DIRECTIONS FOR THIS TASK » In the material below, find the line containing "Święty Franciszek. Opowieść" and the line containing "eBook | Sack Fachmedien". Output those two lines and all lines between them exactly, without pictures.

INPUT DATA »
*** Begin section ***
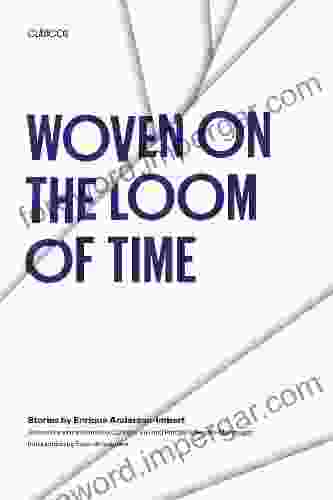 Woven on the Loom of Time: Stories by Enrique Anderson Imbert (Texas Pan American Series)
*** End section ***
*** Begin section ***
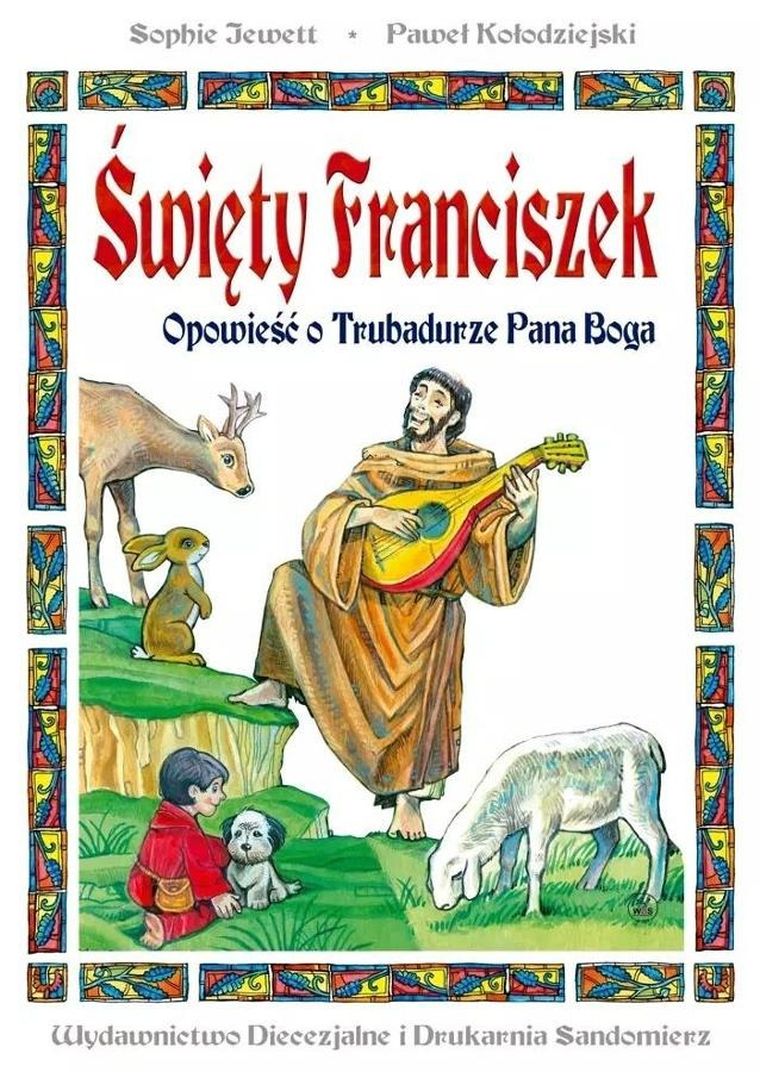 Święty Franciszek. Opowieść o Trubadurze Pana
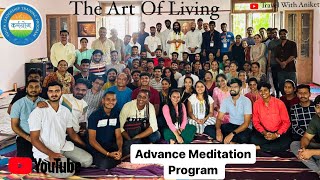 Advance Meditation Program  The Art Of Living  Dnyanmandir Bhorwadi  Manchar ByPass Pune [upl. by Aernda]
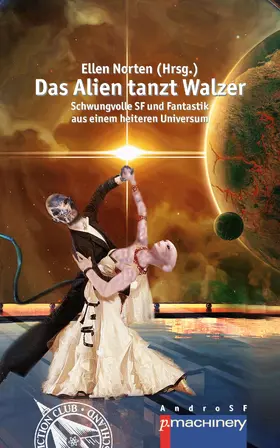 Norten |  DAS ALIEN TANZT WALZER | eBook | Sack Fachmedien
*** End section ***
OUTPUT OF THE TASK »
 Święty Franciszek. Opowieść o Trubadurze Pana
 Advance Meditation Program  The Art Of Living  Dnyanmandir Bhorwadi  Manchar ByPass Pune [upl. by Aernda]
 Norten |  DAS ALIEN TANZT WALZER | eBook | Sack Fachmedien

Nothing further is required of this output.